The rubber hoses you mentioned should also do the trick if you think they are better than aluminum I may get these instead.

I'll keep my #6 line size since the line from the tank isn't bigger and the inlet/outlet from the pump isn't bigger, but should I use a 3/8 or 5/16 return? The return line from the tank to the front of the car is 5/16.. that's why I wanted to buy something like this if you agree:

1. http://www.summitracing.com/parts/hly-12-803bp
2. http://www.summitracing.com/parts/sum-230103
3. http://www.summitracing.com/parts/sum-g2538

I wanted to mount the regulator to the engine where it isn't visible and make a hard line connection with no rubber at all from the pump up to the carb and a hard line for the return that will lead into a flexible hose just to connect the undercar line to the return line. Do you think this should work? Because I want to get rid of the rubber and order the items I need. Probably I'll have time to build it at end of June.
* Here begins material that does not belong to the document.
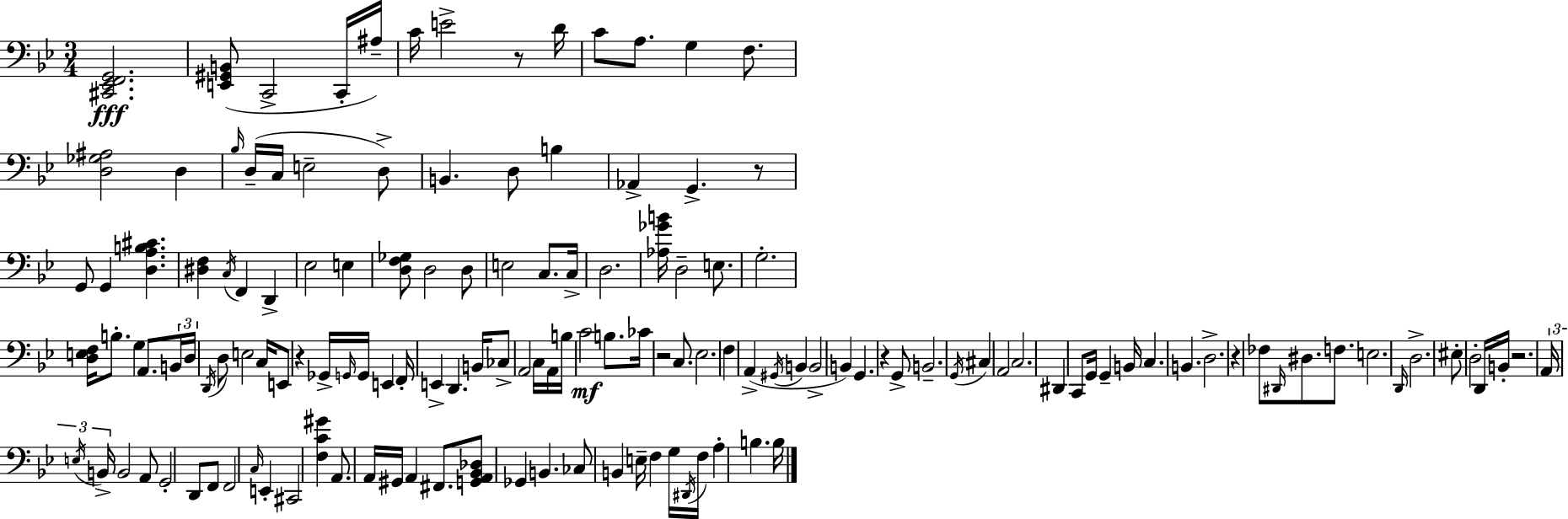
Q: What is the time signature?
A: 3/4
But.. I tried this setup I build carefully (took me about 1 hour) and there is no starving at all. I don't know how much it returns, but the fuel pressure gauge (after the filter) shows constant 6psi. (before it was 6-6.5psi). It didn't starve at WOT, didn't starve on the highway (90mph) and best of all it didn't start to stumble because of vapor lock like before. But I don't want to convice anyone that this setuip is "good"... but it works until I replace it in 5-6 weeks with the proper metal lines and regulator.


----------



## ALKYGTO (Mar 29, 2010)

That will all work but if you do use the aluminum line be sure to run insulated mounts to protect it from movement and vibration. I agree on the 5/16" return line typically you want that smaller than the feed line. You can engine mount the regulator since you have a mechanical fuel pump. 

Sorry if I came off harsh Chris, I just don't want to see you lose that beautiful GTO. I'm sure Bear would agree with me that an engine fire is just about the worst thing that can happen to a car. You can lose everything in no time at all.

Please carry a fire extinguisher either way, buddy. :cheers


----------



## BearGFR (Aug 25, 2008)

ALKYGTO said:


> That will all work but if you do use the aluminum line be sure to run insulated mounts to protect it from movement and vibration. I agree on the 5/16" return line typically you want that smaller than the feed line. You can engine mount the regulator since you have a mechanical fuel pump.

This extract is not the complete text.